Hi, it is the boy from Barrystown—who else, indeed; the most charismatic, charming, innovative, dauntless, erudite, scholarly, poetic and inspired in poetic recitation, historian supreme, devious and above of all else, wily of them all; that wily boy from beside the mine pits; forever young, like Fionn and the Fianna, a right boyo, blessed among the women, living in permanent adulation, uses big words, eloquent, a prophet, humble self-effacing and not conceited. St Kevin of Kilcaven prophesised that the women would ever follow the boy from Barrystown around and his exquisite elocution would enthral them as that elocution has electrified the crowds on so many occasions. If it is true it ain’t bragging and no native of the parish of Carrig-on-Bannow ever brags or tell lies.
On the 24th of March, 1869 The Wexford Independent carried this report:–
“Casualties at Sea—We regret that on Friday evening last the Proteus, the property of Mrs Curran of Dungarvan, ran ashore at Bannow. The vessel, a fine brig, left Cardiff with about 300 tons of coals on Tuesday and on her passage sprung a leak. When near Tower Hook the wind changed and put her off course. A sudden squall then struck her and she dipped, thereby driving the water in the hold forward causing her to sink under water to the lee gangway. The captain, seeing the state of the vessel, thought it best to run her on shore; and, in doing so, she struck a reef of rocks between Bannow and Cullenstown. The hands all got ashore safe. On information coming to town, Mr W. Coghlan (Collector of Customs) and Mr Jasper W. Walsh (Agent at Lloyds) left in order to render assistance. The vessel is likely to become a total wreck.”
One notes in the above that the owner of the vessel was a woman.

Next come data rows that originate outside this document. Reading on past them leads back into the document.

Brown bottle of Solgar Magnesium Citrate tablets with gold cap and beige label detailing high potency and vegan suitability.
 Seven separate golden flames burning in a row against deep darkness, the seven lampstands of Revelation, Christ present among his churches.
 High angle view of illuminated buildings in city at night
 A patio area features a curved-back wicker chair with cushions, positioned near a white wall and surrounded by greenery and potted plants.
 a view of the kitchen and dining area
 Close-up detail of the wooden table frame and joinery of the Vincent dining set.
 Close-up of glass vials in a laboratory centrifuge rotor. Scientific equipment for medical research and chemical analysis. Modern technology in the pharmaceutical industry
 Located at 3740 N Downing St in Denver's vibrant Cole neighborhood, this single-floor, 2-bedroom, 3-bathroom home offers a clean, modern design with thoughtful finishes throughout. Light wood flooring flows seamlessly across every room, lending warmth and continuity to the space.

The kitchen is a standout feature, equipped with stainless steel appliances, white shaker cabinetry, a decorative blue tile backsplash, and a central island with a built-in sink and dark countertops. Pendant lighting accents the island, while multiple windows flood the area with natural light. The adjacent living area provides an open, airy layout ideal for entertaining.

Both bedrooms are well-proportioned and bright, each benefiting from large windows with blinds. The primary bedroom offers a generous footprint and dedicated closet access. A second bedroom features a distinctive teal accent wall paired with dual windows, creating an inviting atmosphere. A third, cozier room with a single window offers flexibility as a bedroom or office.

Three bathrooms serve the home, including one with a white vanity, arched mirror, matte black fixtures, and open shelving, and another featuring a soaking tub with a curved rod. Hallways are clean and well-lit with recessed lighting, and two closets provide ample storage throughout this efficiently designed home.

From The Wexford Independent the 25th of March 1868:–
“The Established Church
(from a correspondent)
A lecture was delivered on the 10th instant, by the Rev. S. G. Potter, Rector of Duncormack, on “The Irish Church—its history and its claims”, in the Tintern schoolhouse, which was crowded by the Protestant inhabitants of the neighbourhood. In the absence of J. T. R. Colclough Esq., of Tintern Abbey, the chair was taken by Jacob Powell Esq., of St Kearns. The lecturer having been introduced by the Chairman proceeded to give a history of Christianity in Ireland which he contended was introduced at a period prior to the time of St Patrick and was, he said, independent of the Church of Rome, so that the Church in Ireland can trace back her history almost to apostolic times. The lecturer concluded with a most eloquent, fervent and impressive appeal to all true Irishmen to co-operate in supporting the old Apostolic Protestant Scriptural Church in Ireland. A vote of thanks was unanimously passed to the Rev. Lecturer, who has kindly promised to follow out the subject on a future occasion.”
It is conspicuous that the Rector of Duncormack did not seem to outline his sources for his outlandish theory of the Reformation in Ireland: the Henrician [that of King Henry VII] Reformation measures in Ireland involved the confiscation of the properties of the Catholic Church, especially of the monasteries and the ecclesiastical format of the new Established Church were superimposed on the existing Catholic infrastructure and boundaries, etc. For that matter Martin Luther was previously a priest—a monk—of the Catholic Church: the Reformation was a protest by powerful and widespread elements within the Catholic Church against its institutional character, and specifically against the Papacy in Rome. As an axiom, it may be stated that the Protestant Churches originated in the Reformation, beginning with Luther’s actual or mythical theses nailed to a Church door. If a Protestant Church had existed in Ireland—and this would be a most unique scenario—from near to the era of Christ and His Apostles, then why should Henry VIII have taken such draconian and acquisitive measures against the Church in Ireland? Was St Columba or St Columbanus Protestants? I don’t think so.
The Rev. John Macbeth, Rector at Killegney, near Clonroche, a mathematician and civil lawyer, held an identical view of pre-Reformation Christianity in Ireland, even going so far as to claim that the Catholic Church in Ireland originated in the sixteenth century!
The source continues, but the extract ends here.